_EXCERPTED RECORDS:_
* * * * * * * * *
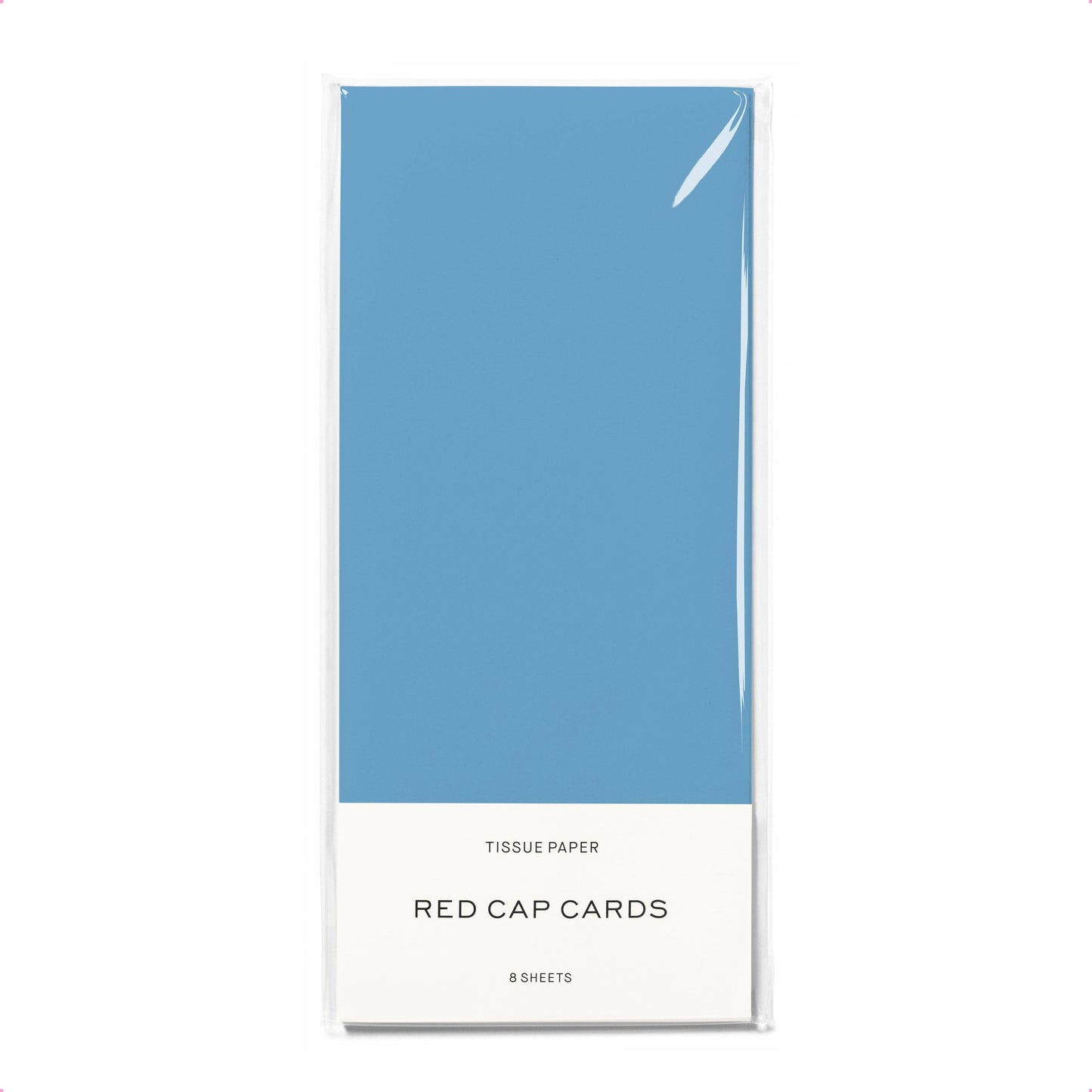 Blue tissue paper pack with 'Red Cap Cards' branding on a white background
* * * * * * * * *
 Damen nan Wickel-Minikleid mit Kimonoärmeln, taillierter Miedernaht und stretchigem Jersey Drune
* * * * * * * * *
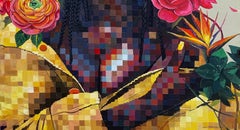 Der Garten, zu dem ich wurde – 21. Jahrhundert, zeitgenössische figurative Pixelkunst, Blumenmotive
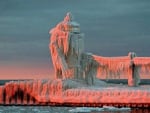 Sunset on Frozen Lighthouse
* * * * * * * * *
_WHAT IS EXPECTED:_
Pictures excluded, give again exactly and only the lines of the material above from the line with "Der Garten, zu" through the line with "Sunset on Frozen Lighthouse".

_EXPECTED OUTPUT:_
 Der Garten, zu dem ich wurde – 21. Jahrhundert, zeitgenössische figurative Pixelkunst, Blumenmotive
 Sunset on Frozen Lighthouse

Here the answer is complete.